» Work required: Copy only what lies from the line containing "Now there are" through the line containing "What's up, you" in the entries below, keeping both end lines exact and dropping every picture.

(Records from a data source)
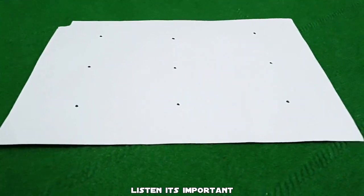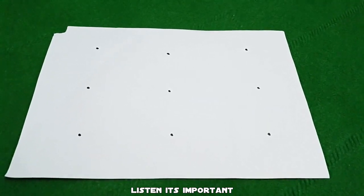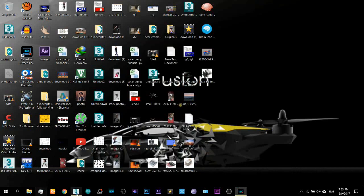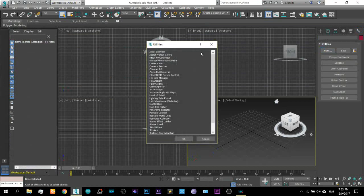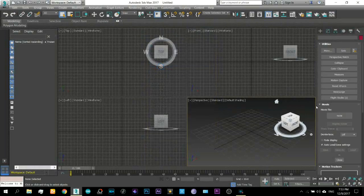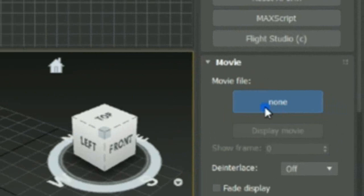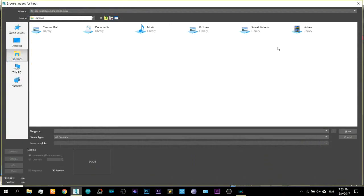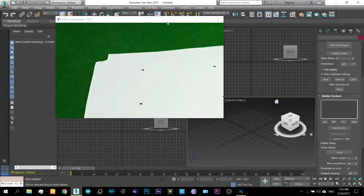Now the next step that you need to do is on the computer. So open your 3ds Max 2017.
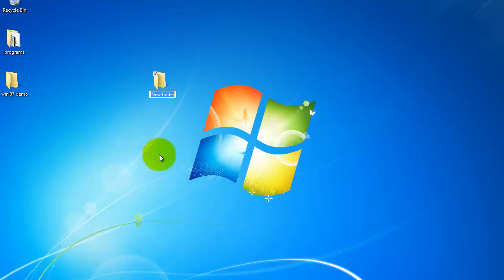Notice it creates a new folder icon and notice how the text is also blue. That indicates that I can rename it, so I'm just going to call this Windows 7 New Folder.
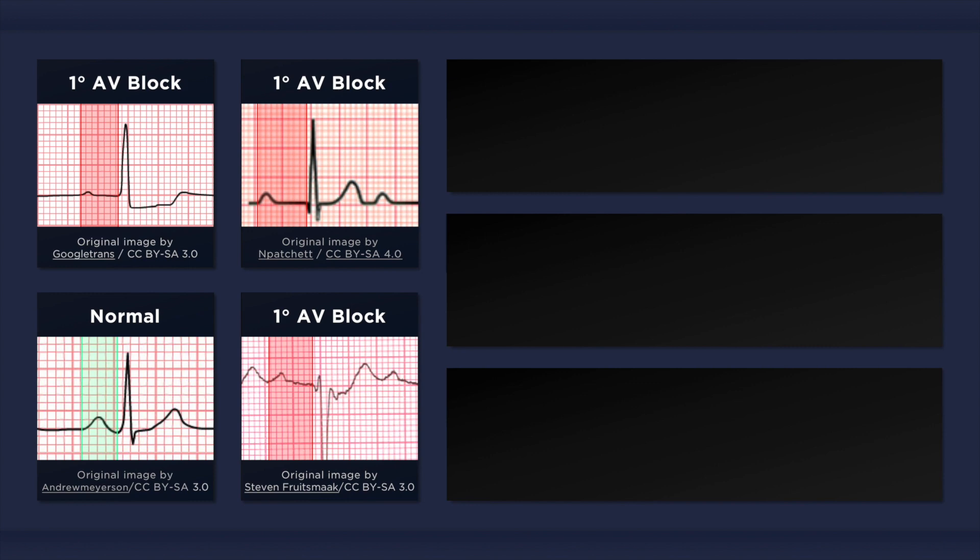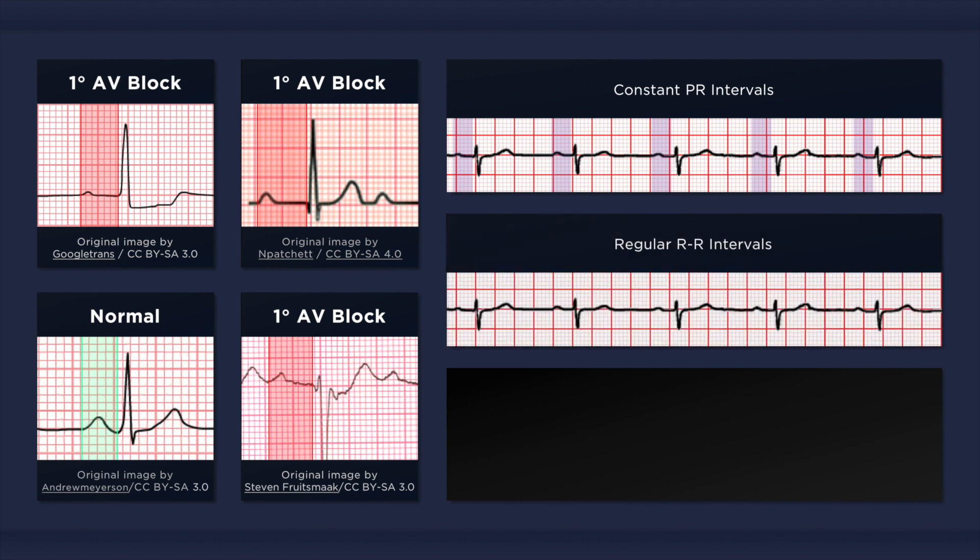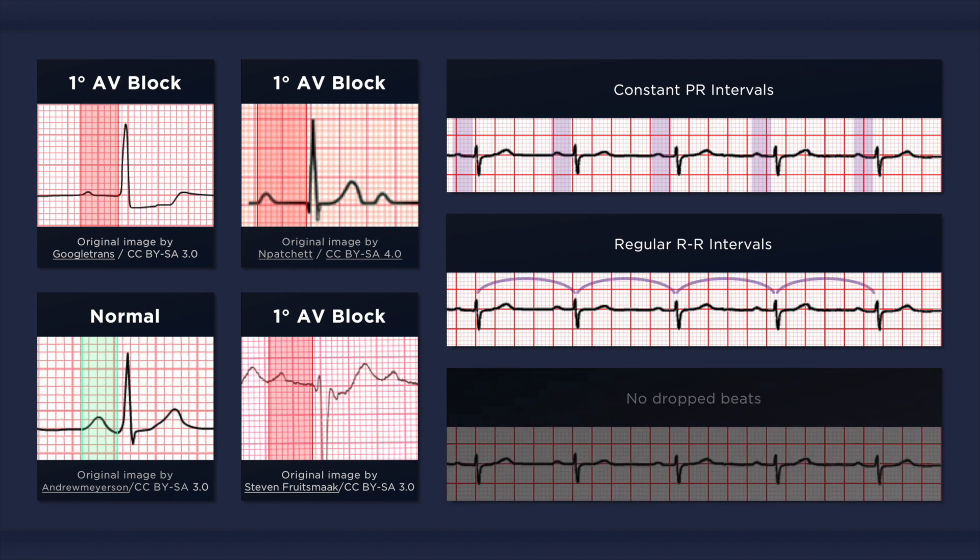Now there are a few more features of first degree AV block which are worth paying attention to. While the PR interval is prolonged, it does not vary from beat to beat. Lengthening of successive PR intervals followed by a drop beat would be indicative of type 1 second degree AV block. The heart rate is dependent on the underlying sinus rhythm and is not usually affected if first degree heart block is the only abnormality present. The RR intervals are consistent and the atrial ventricular rates are equal.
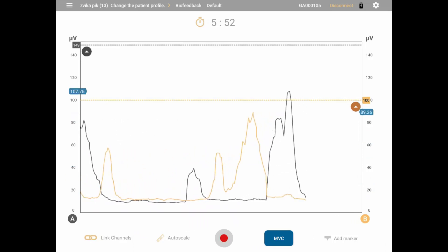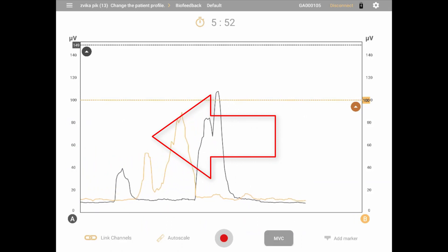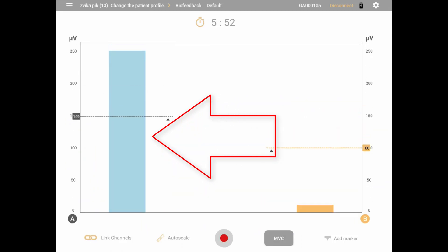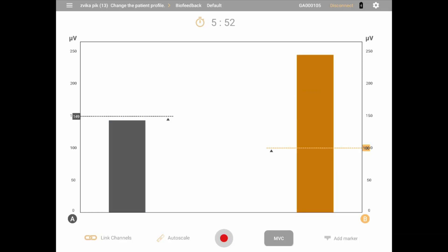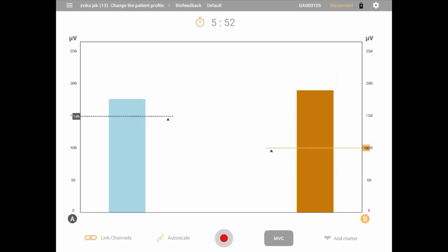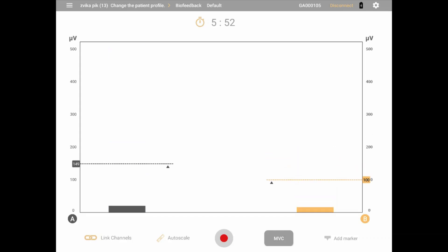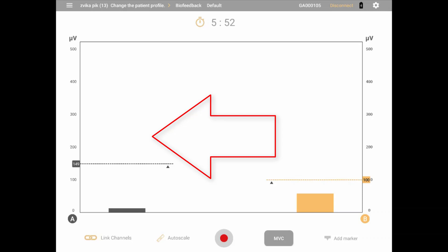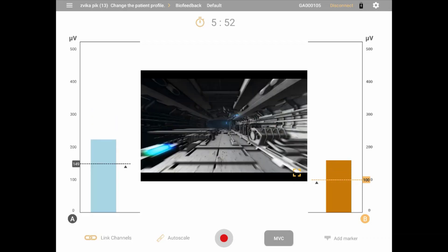Swipe left anywhere on the screen to switch to bar graph view, showing one or two signals with the y-axis only. All the same view settings are available in this screen except for x-axis scaling. Swipe left again to reach animation view, displaying bar graphs and an animation in the middle of the screen.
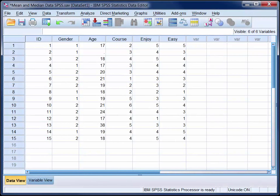Here we're looking at the responses of 15 students to a 5-item survey. In this video we'll use SPSS to compute both the mean and median ages of the sample.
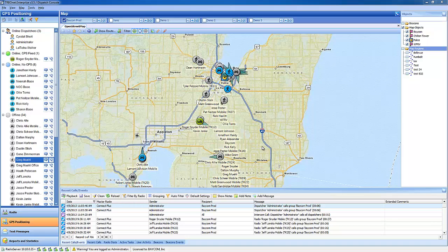Hi, I'm Rickwood Bacon. Today I'll be showing you the GPS portion of Turbona Enterprise Dispatch Council.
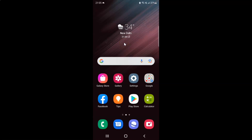Hi guys. In this video I will show you how to enable or disable bold font on Samsung Galaxy S22 Ultra. This is my Samsung Galaxy S22 Ultra device, so let's start.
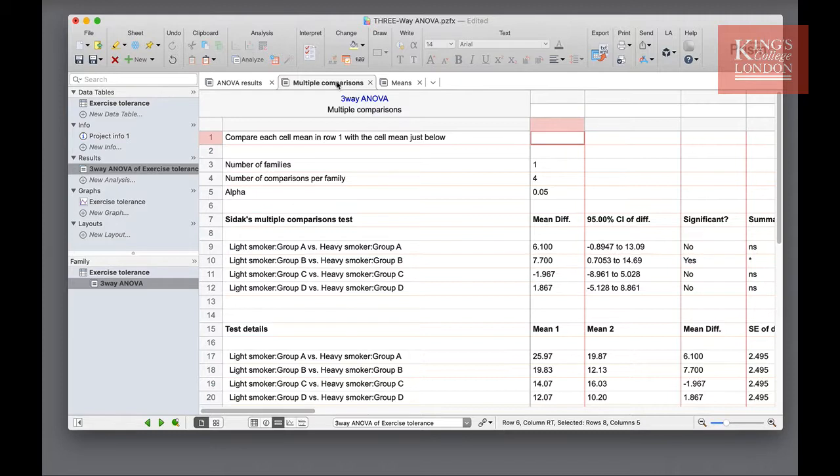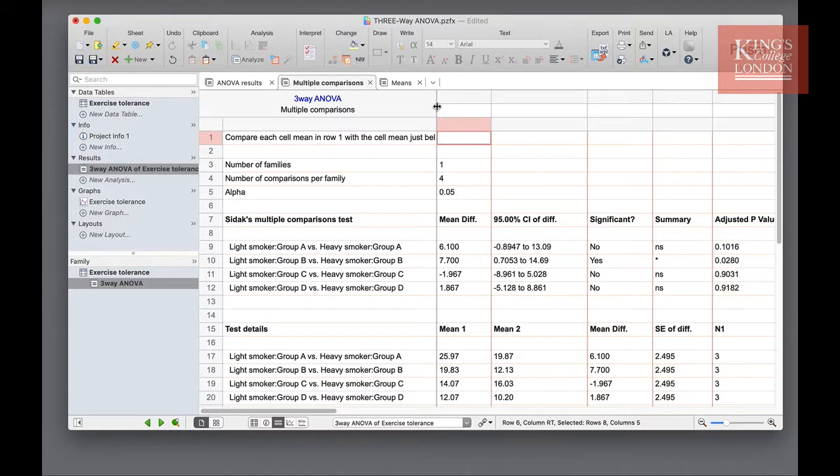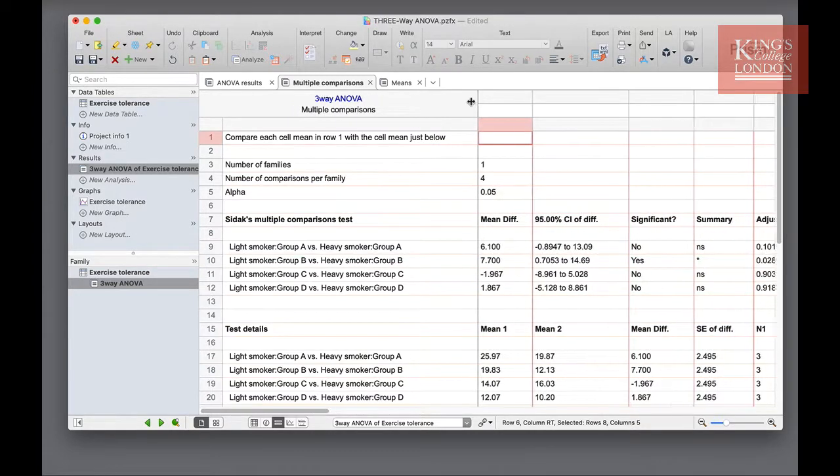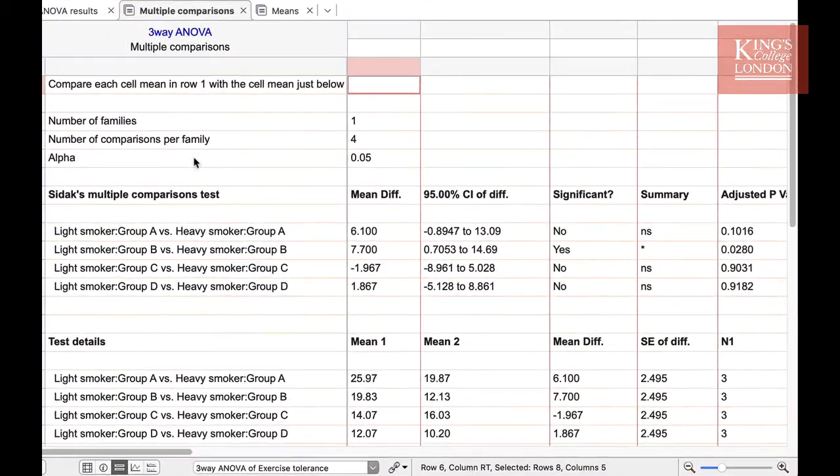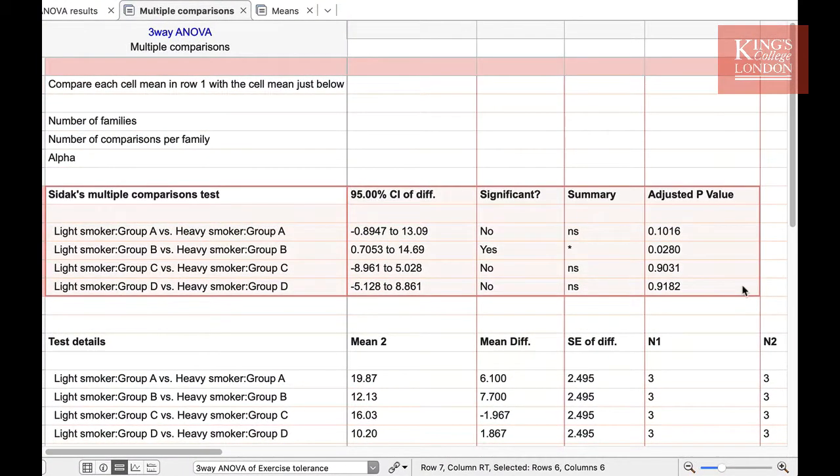Since my main interest in this study, as I stated at the start, was whether smoking had an influence on the outcome, I limited my multiple comparisons to compare light versus heavy smoking in each of our groups. If I resize this window, you can see the summary of the data listed in the table below, which I've highlighted.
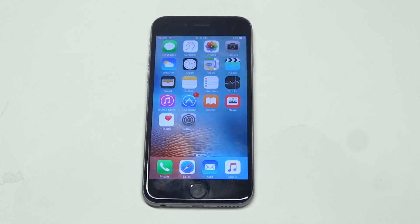What's up, you guys? IdeaFliptronics. Going to be showing you guys how to turn off app notifications for Facebook on your iPhone 6S.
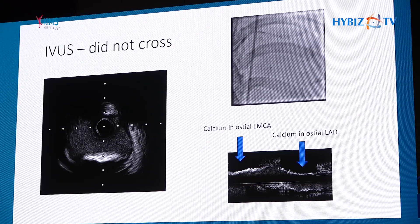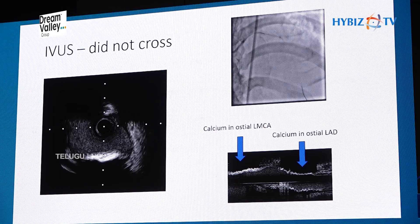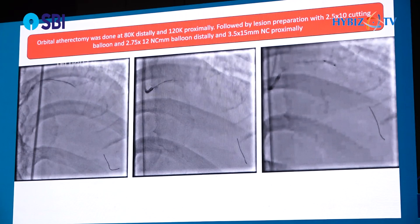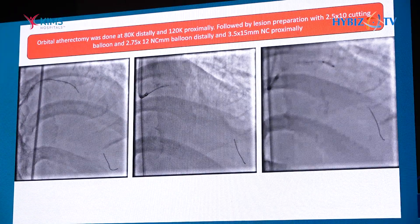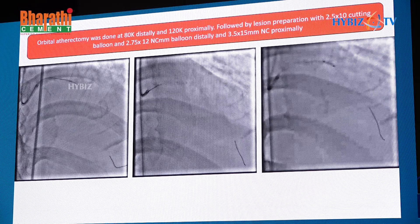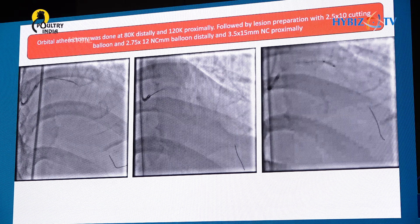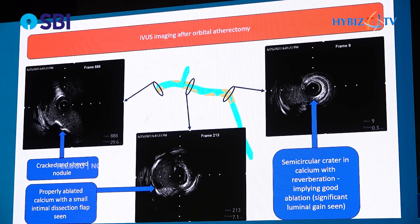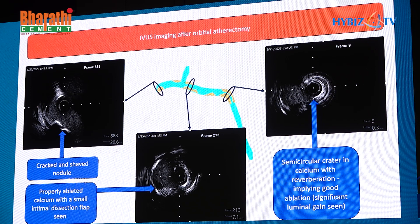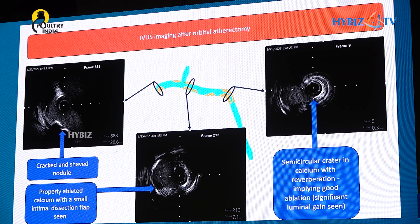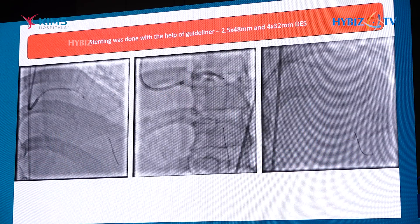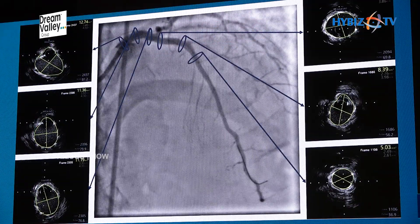IVUS was attempted but was not crossing. There is significant calcium at the ostial LMCA as well as the ostial LAD. Orbital atherectomy was performed with very slow advancement of the bur across the bend. The bur got stuck a couple of times but was gradually pulled back using reverse ablation. The distal part was ablated at 80k RPM and the ostial LMCA part at 120k RPM, followed by preparation with cutting balloon and NC balloon. IVUS images show a clear crack and shaving of the nodule in the LMCA, significant luminal gain in the proximal LAD, and a crater at the bend with reverberation artifacts confirming adequate debulking. Stenting was done with guideliner with very good results, and post-IVUS results were excellent.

» Result:
Now there are a few more features of first degree AV block which are worth paying attention to. While the PR interval is prolonged, it does not vary from beat to beat. Lengthening of successive PR intervals followed by a drop beat would be indicative of type 1 second degree AV block. The heart rate is dependent on the underlying sinus rhythm and is not usually affected if first degree heart block is the only abnormality present. The RR intervals are consistent and the atrial ventricular rates are equal.
Swipe left anywhere on the screen to switch to bar graph view, showing one or two signals with the y-axis only. All the same view settings are available in this screen except for x-axis scaling. Swipe left again to reach animation view, displaying bar graphs and an animation in the middle of the screen.
Here we're looking at the responses of 15 students to a 5-item survey. In this video we'll use SPSS to compute both the mean and median ages of the sample.
Hi, I'm Rickwood Bacon. Today I'll be showing you the GPS portion of Turbona Enterprise Dispatch Council.
Hi guys. In this video I will show you how to enable or disable bold font on Samsung Galaxy S22 Ultra. This is my Samsung Galaxy S22 Ultra device, so let's start.
Since my main interest in this study, as I stated at the start, was whether smoking had an influence on the outcome, I limited my multiple comparisons to compare light versus heavy smoking in each of our groups. If I resize this window, you can see the summary of the data listed in the table below, which I've highlighted.
What's up, you guys? IdeaFliptronics. Going to be showing you guys how to turn off app notifications for Facebook on your iPhone 6S.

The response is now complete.